Economy, asked by tenzin046, 1 year ago

(Use Diagram)
0.11. What are the various factors that determine the demand for a good. Explain the relationship
between the price of the good and its demand with the help of a diagram.​

Answers

Answered by sidaksinghbakshi96
1

Answer:

price : relative price of good : population size

Answered by lakshsahni26
0

Answer:

Explanation:

FOLLOWING ARE THE IMPORTANT FACTORS THAT AFFECT DEMAND OF A COMMODITY:

(a) OWN PRICE OF  THE GIVEN COMMODITY

• Own price is the most important determinant of demand.

• When own price of a commodity falls, its demand rises and when own price rises, its demand falls.

• Thus we can say that there is an indirect relation between price of a commodity and its quantity demanded.

(b) PRICE OF RELATED GOODS

RELATED GOODS ARE OF TWO TYPES – SUBSTITUTE AND COMPLEMENTARY

(i) SUBSTITUTE GOODS

                                     

• When the price of the substitute goods rises then demand for the given commodity also rises and vice-versa.  

• Like, if Price of Maruti Swift increases, demand for i20 will rise.

(ii) COMPLEMENTARY GOODS

                                   

• (Car & Petrol) When price of the complementary goods rises then demand for the given commodity falls and vice versa.  

• Like, if price of petrol rises, demand for cars fall.

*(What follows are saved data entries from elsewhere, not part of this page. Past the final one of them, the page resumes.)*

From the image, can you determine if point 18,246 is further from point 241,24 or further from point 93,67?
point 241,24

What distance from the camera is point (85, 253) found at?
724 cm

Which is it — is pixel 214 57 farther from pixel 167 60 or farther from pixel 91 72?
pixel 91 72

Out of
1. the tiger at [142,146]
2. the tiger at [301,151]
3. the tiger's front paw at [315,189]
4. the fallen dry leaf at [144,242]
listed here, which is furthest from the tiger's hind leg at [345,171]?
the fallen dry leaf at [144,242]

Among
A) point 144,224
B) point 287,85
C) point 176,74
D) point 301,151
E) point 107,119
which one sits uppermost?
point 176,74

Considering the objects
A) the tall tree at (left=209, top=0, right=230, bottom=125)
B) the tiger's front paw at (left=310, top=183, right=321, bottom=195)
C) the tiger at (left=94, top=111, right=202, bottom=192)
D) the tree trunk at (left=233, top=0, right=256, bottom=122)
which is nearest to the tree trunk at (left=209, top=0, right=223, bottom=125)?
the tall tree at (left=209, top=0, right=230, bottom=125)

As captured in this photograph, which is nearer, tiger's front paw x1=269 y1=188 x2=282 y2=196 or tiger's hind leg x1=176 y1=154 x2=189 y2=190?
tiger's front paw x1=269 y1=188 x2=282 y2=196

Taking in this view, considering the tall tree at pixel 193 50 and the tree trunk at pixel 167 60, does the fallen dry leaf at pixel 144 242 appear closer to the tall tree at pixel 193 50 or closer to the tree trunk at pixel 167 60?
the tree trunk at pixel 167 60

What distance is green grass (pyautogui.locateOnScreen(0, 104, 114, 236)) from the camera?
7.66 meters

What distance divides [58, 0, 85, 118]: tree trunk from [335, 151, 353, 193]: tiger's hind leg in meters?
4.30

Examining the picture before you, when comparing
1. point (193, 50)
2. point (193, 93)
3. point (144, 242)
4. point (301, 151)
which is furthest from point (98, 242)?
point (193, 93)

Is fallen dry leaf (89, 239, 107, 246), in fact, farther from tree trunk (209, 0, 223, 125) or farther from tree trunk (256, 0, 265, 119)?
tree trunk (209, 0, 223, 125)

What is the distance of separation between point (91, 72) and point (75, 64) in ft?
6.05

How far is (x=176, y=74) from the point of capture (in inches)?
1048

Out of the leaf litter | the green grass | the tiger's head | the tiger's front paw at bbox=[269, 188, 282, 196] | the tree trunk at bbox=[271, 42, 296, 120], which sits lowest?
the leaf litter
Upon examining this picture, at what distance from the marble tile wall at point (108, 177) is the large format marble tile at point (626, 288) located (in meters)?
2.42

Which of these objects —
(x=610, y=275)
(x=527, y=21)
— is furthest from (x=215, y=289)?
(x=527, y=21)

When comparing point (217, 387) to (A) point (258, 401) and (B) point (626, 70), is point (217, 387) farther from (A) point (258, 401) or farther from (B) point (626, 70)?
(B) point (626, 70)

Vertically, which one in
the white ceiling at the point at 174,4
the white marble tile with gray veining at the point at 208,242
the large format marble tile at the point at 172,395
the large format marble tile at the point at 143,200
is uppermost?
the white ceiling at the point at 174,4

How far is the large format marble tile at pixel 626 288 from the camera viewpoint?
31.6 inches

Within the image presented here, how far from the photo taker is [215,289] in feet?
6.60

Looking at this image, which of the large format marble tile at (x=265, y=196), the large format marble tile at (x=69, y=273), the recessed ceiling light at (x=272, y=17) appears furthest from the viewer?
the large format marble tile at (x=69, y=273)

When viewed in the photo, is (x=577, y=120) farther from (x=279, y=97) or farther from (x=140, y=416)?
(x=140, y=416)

(c) INCOME OF THE CONSUMER

● To check the effect of change in income of the households over their demand, goods are divided into two categories:

 

(i) Normal Goods (Positive relation)  

These are the goods whose demand rises with the rise in income. E.g. Basmati Rise

(ii) Inferior Goods (Negative relation)  

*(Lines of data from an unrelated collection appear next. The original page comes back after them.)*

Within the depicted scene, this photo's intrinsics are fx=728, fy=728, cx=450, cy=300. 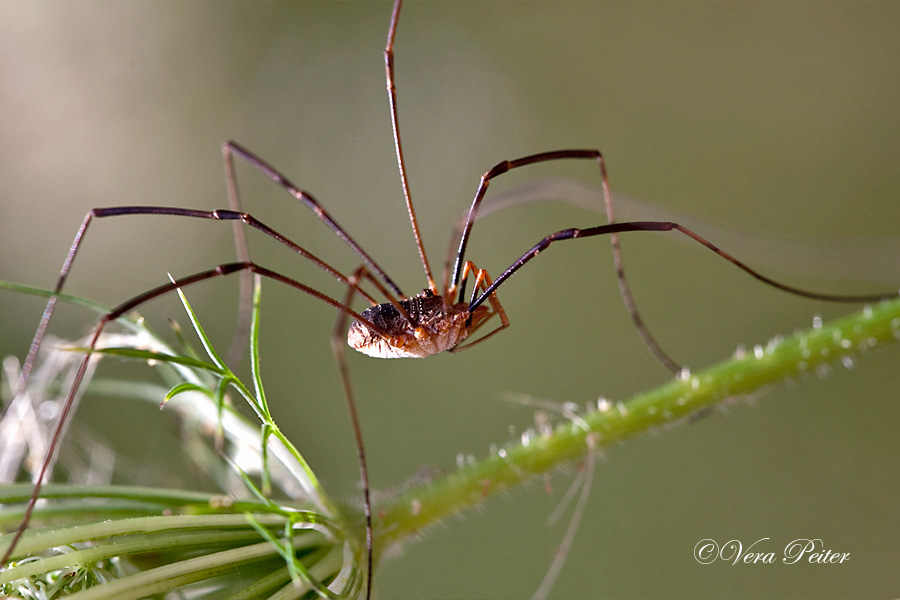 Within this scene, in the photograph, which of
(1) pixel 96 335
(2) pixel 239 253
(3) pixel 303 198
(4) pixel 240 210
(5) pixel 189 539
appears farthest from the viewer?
(2) pixel 239 253

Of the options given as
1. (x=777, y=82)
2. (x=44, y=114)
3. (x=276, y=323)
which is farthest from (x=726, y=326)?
(x=44, y=114)

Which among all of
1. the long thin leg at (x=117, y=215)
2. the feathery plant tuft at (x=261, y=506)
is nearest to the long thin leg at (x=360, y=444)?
the feathery plant tuft at (x=261, y=506)

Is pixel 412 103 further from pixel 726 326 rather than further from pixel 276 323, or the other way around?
pixel 726 326

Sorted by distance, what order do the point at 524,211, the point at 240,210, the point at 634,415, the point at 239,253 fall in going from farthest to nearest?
the point at 524,211
the point at 239,253
the point at 240,210
the point at 634,415

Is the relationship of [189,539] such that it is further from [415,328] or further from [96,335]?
[415,328]

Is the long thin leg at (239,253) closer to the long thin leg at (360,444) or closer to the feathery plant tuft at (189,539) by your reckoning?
the long thin leg at (360,444)

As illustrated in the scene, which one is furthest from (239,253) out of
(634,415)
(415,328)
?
(634,415) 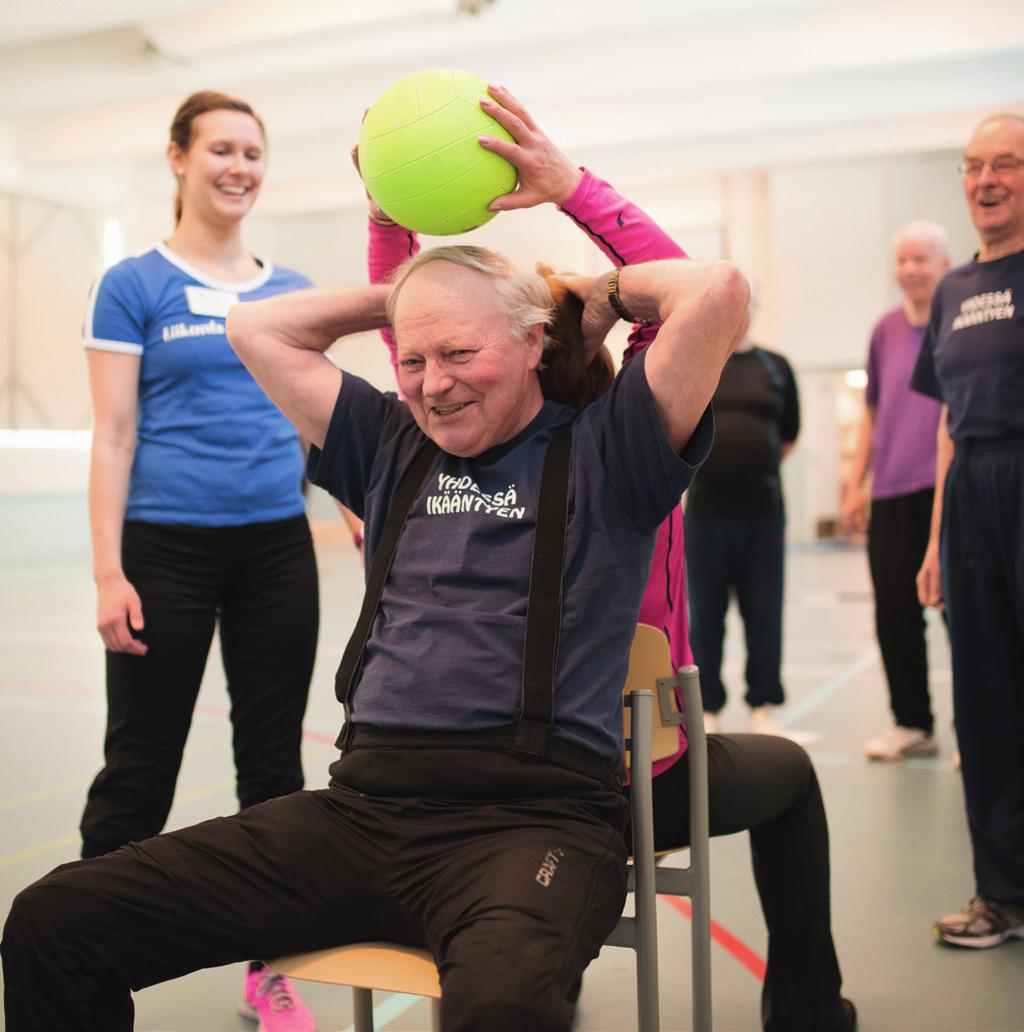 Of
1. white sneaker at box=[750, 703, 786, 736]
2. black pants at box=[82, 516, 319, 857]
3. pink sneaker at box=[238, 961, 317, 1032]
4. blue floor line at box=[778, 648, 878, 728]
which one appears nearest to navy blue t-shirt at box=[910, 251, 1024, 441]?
black pants at box=[82, 516, 319, 857]

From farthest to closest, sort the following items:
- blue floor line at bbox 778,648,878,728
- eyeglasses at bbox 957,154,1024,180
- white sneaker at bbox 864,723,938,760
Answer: blue floor line at bbox 778,648,878,728 < white sneaker at bbox 864,723,938,760 < eyeglasses at bbox 957,154,1024,180

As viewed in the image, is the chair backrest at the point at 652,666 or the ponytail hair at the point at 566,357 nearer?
the chair backrest at the point at 652,666

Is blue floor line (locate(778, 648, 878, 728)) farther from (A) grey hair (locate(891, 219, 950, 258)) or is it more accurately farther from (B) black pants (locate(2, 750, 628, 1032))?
(B) black pants (locate(2, 750, 628, 1032))

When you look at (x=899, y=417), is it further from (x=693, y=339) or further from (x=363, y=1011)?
(x=363, y=1011)

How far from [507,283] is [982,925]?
185 cm

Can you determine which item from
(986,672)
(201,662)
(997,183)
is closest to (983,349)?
(997,183)

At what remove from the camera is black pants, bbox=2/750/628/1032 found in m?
1.34

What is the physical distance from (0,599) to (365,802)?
6.86 meters

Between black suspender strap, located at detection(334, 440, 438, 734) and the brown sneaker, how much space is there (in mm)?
1630

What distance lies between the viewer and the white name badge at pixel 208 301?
2.24 meters

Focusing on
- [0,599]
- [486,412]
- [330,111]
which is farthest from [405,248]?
[330,111]

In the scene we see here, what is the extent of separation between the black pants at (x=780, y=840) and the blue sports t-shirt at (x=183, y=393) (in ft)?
3.39

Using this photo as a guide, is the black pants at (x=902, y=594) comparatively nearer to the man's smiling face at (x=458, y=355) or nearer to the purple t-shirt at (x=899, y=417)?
the purple t-shirt at (x=899, y=417)

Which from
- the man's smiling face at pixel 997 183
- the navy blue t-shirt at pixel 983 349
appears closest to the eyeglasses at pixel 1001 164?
the man's smiling face at pixel 997 183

These are the goods whose demand falls with the rise in income and vice versa. e.g. Low quality rice.

(iii) Necessities:

A third category is also there, necessities, demand for these generally do not change with change in prices.

 

(d) TASTE AND  PREFERENCES OF THE CONSUMER • Demand for a commodity is also affected by taste and preferences.  

• It rises if there is a favorable change in the taste and preferences of the consumer and vice versa.

(e) MISCELLANEOUS • Future expectation about price and income also affect demand for a commodity in present.

• Suppose, if we expect rise in price in near future, then we’ll increase demand in present even at the same price.

Price of the commodity and its demand have inverse relationship.